Segment Start: SUPPLIED RECORDS

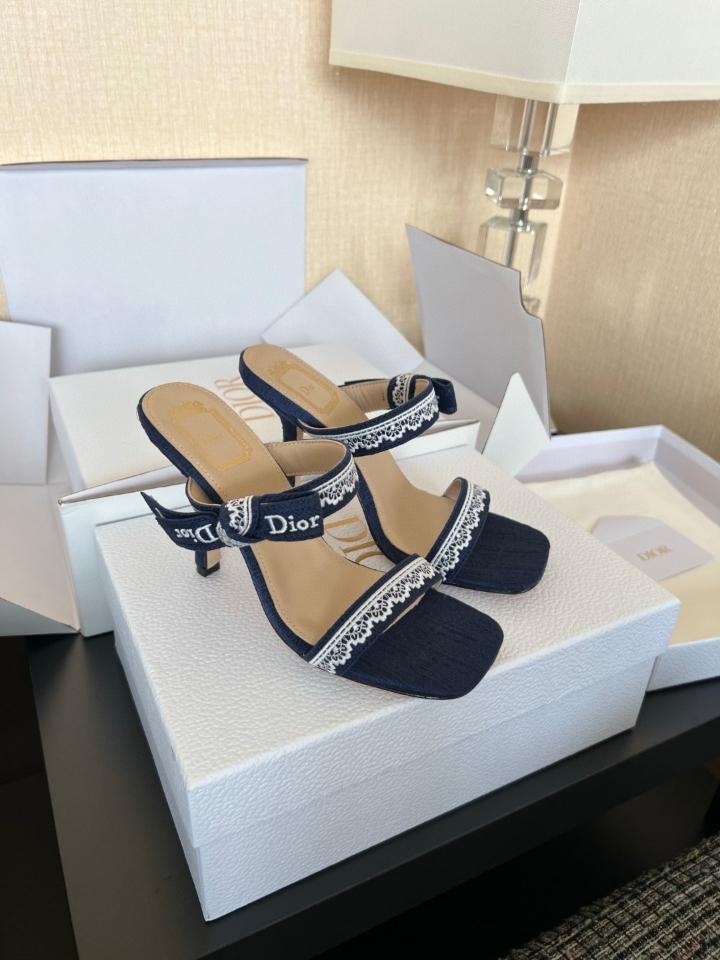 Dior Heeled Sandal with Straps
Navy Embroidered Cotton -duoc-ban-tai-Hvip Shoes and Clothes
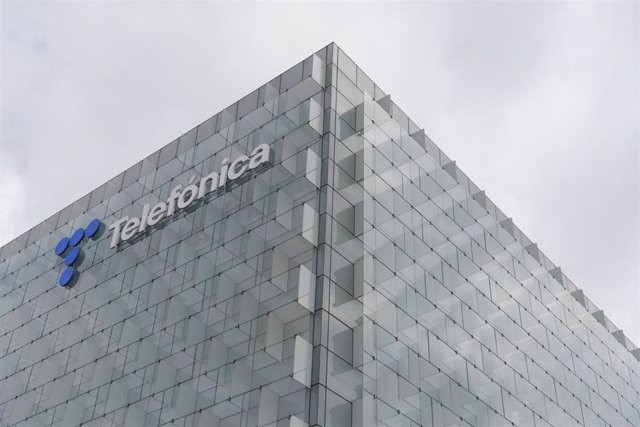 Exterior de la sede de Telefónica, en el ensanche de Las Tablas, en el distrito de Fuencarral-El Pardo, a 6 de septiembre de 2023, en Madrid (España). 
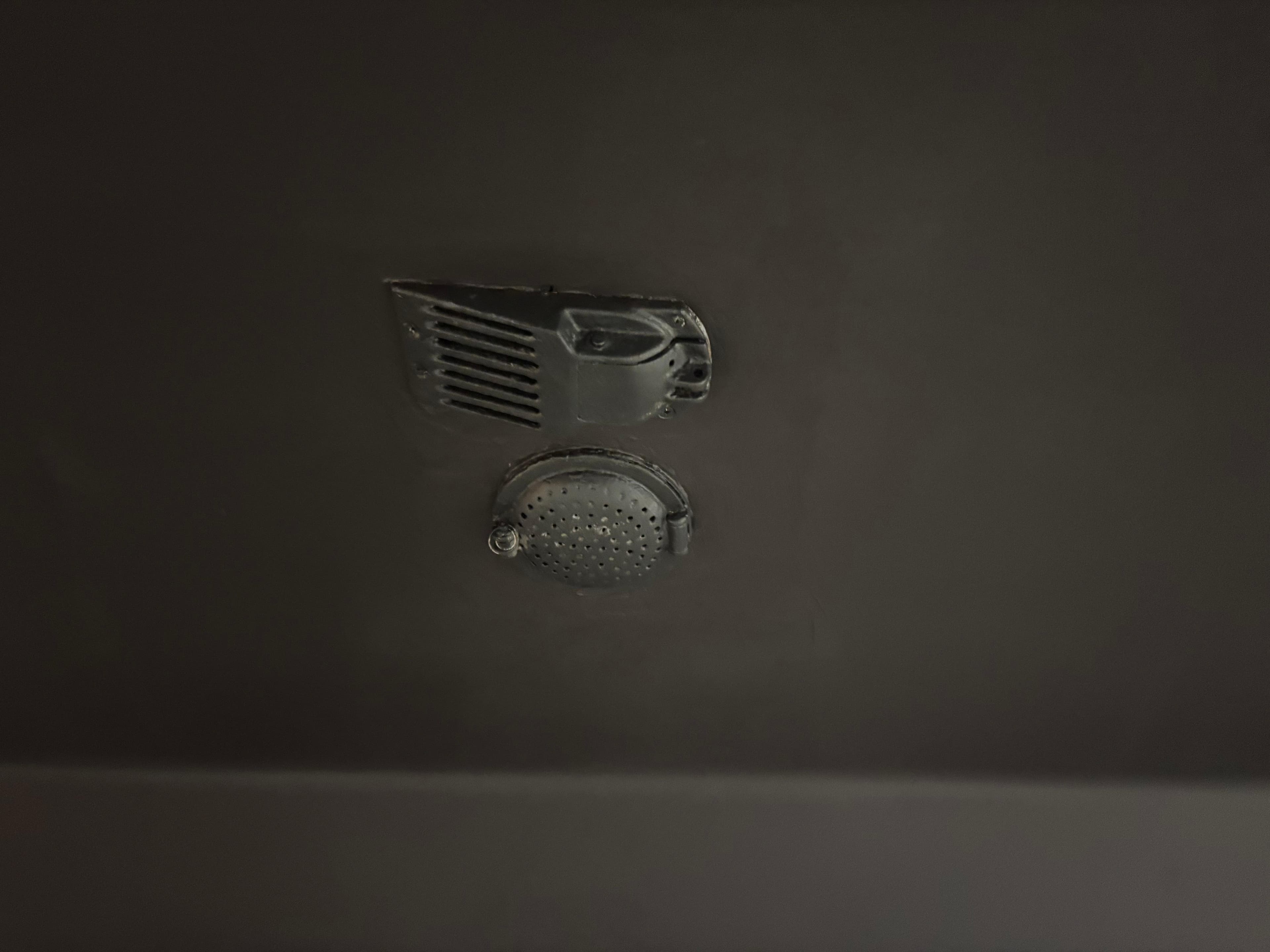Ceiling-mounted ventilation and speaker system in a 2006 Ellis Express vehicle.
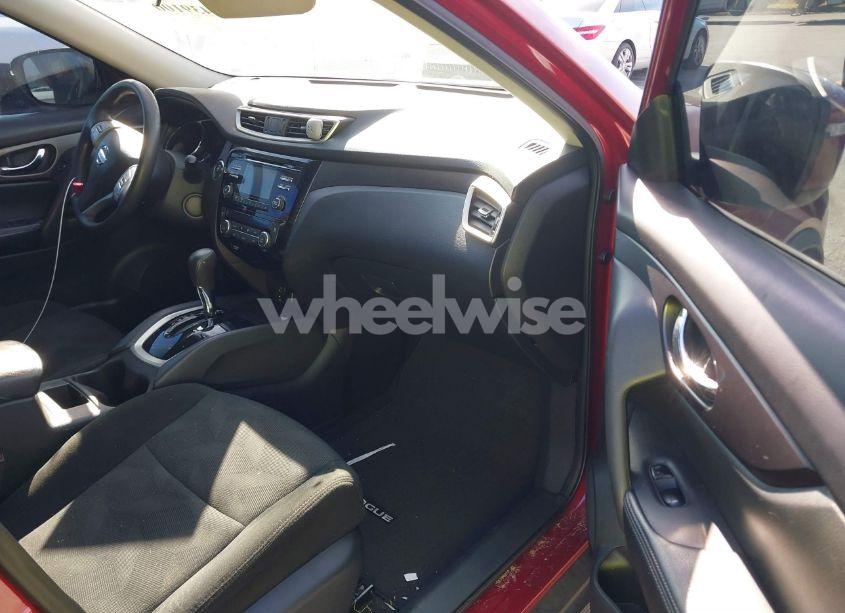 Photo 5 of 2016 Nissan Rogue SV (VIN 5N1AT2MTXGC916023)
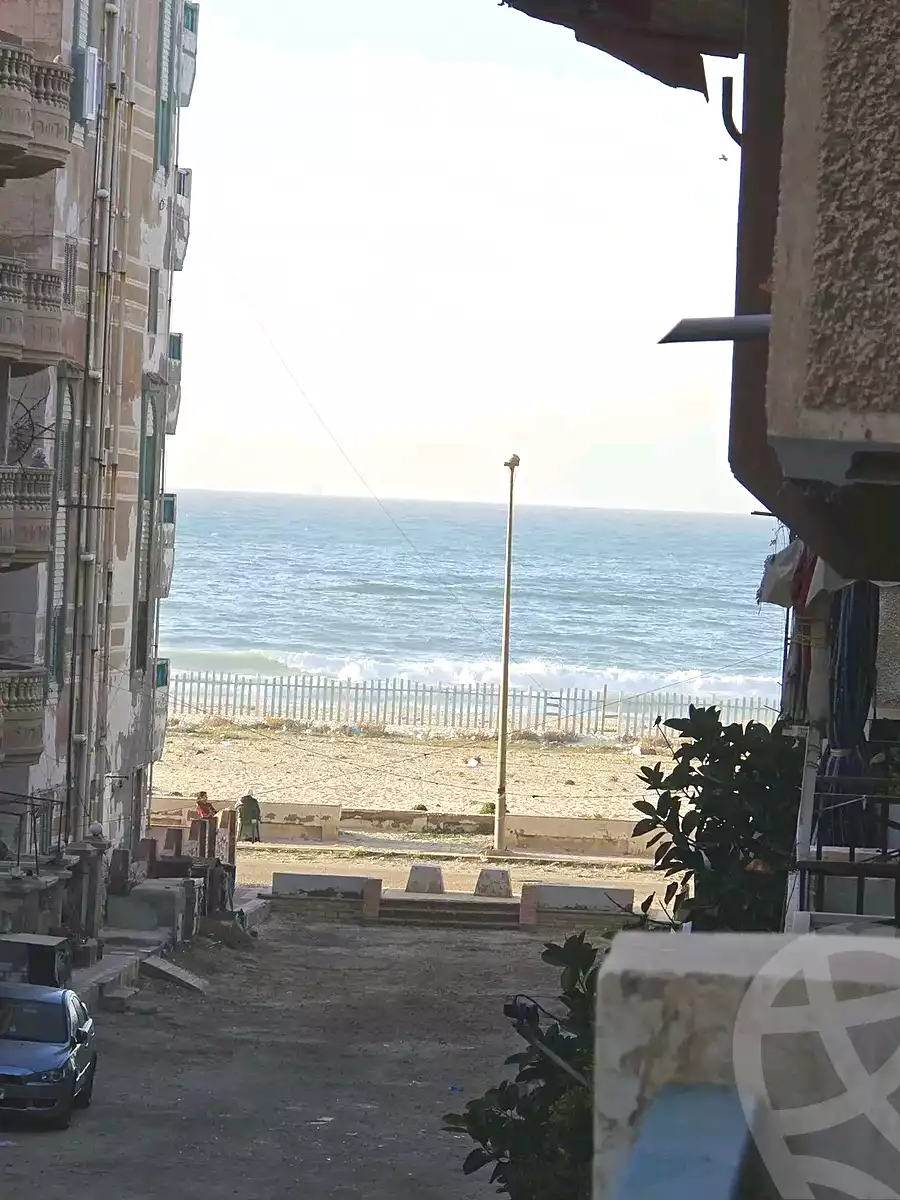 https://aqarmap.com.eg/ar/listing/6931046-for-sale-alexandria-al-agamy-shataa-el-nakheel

Segment End: SUPPLIED RECORDS

§ WORK INSTRUCTIONS
Output the listing above exactly, excluding all pictures.

§ TASK SOLUTION
 Dior Heeled Sandal with Straps
Navy Embroidered Cotton -duoc-ban-tai-Hvip Shoes and Clothes
 Exterior de la sede de Telefónica, en el ensanche de Las Tablas, en el distrito de Fuencarral-El Pardo, a 6 de septiembre de 2023, en Madrid (España). 
Ceiling-mounted ventilation and speaker system in a 2006 Ellis Express vehicle.
 Photo 5 of 2016 Nissan Rogue SV (VIN 5N1AT2MTXGC916023)
 https://aqarmap.com.eg/ar/listing/6931046-for-sale-alexandria-al-agamy-shataa-el-nakheel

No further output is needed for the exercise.